PandasHow-ToBeginner · 3 min read

How to Use dropna in pandas to Remove Missing Data

Use dropna() in pandas to remove rows or columns with missing values (NaN) from a DataFrame or Series. You can specify whether to drop rows or columns and control how strictly missing data is detected with parameters like axis and how.

📐

Syntax

The basic syntax of dropna() is:

df.dropna(axis=0, how='any', thresh=None, subset=None, inplace=False)

Explanation of parameters:

axis: 0 to drop rows, 1 to drop columns with missing values.
how: 'any' drops if any NaN present, 'all' drops only if all values are NaN.
thresh: require a minimum number of non-NaN values to keep the row/column.
subset: specify columns to check for NaN when dropping rows.
inplace: if True, modifies the original DataFrame instead of returning a new one.

python

df.dropna(axis=0, how='any', thresh=None, subset=None, inplace=False)

💻

Example

This example shows how to remove rows with any missing values from a DataFrame using dropna(). It also shows how to drop columns with all missing values.

python

import pandas as pd

data = {'Name': ['Alice', 'Bob', None, 'David'],
        'Age': [25, None, 30, 22],
        'City': ['New York', 'Los Angeles', None, None]}

df = pd.DataFrame(data)

# Drop rows with any NaN values
cleaned_rows = df.dropna()

# Drop columns where all values are NaN
cleaned_cols = df.dropna(axis=1, how='all')

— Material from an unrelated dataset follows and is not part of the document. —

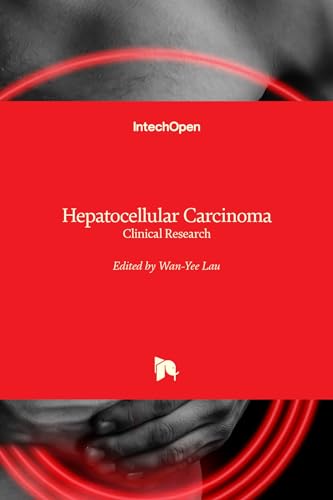 9789535101123: Hepatocellular Carcinoma – Clinical Research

print('Original DataFrame:')
print(df)
print('\nAfter dropping rows with any NaN:')
print(cleaned_rows)
print('\nAfter dropping columns with all NaN:')
print(cleaned_cols)

Output

Original DataFrame: Name Age City 0 Alice 25.0 New York 1 Bob NaN Los Angeles 2 None 30.0 None 3 David 22.0 None After dropping rows with any NaN: Name Age City 0 Alice 25.0 New York After dropping columns with all NaN: Name Age City 0 Alice 25.0 New York 1 Bob NaN Los Angeles 2 None 30.0 None 3 David 22.0 None

⚠️

Common Pitfalls

Common mistakes when using dropna() include:

Forgetting to set inplace=True if you want to modify the original DataFrame.
Not specifying axis correctly, which can lead to dropping rows instead of columns or vice versa.
Using dropna() without understanding how parameter, which can remove more data than intended.
Not using subset when you want to check NaNs only in specific columns.

Example of a common mistake and fix:

python

import pandas as pd

df = pd.DataFrame({'A': [1, None, 3], 'B': [None, None, 6]})

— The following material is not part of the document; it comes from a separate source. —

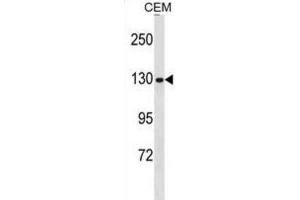 Western Blotting (WB) image for anti-Non-SMC Condensin I Complex, Subunit G (NCAPG) antibody (ABIN3000708) (NCAPG Antikörper)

# Wrong: This does not change df because inplace=False by default
df.dropna()
print('DataFrame after dropna without inplace:')
print(df)

# Right: Use inplace=True to modify df
df.dropna(inplace=True)
print('\nDataFrame after dropna with inplace=True:')
print(df)

Output

DataFrame after dropna without inplace: A B 0 1.0 NaN 1 NaN NaN 2 3.0 6.0 DataFrame after dropna with inplace=True: A B 2 3.0 6.0

📊

Quick Reference

Here is a quick summary of key dropna() options:

Parameter	Description	Default
axis	0 to drop rows, 1 to drop columns	0
how	'any' drops if any NaN, 'all' drops if all NaN	'any'
thresh	Minimum non-NaN values to keep row/column	None
subset	Columns to check for NaN when dropping rows	None
inplace	Modify original DataFrame if True	False

✅

Key Takeaways

Use dropna() to remove rows or columns with missing values in pandas DataFrames or Series.

Set axis=0 to drop rows and axis=1 to drop columns containing NaNs.

Use how='any' to drop if any NaN exists, or how='all' to drop only if all values are NaN.

Remember to use inplace=True to modify the original DataFrame directly.

Use subset parameter to check for NaNs only in specific columns when dropping rows.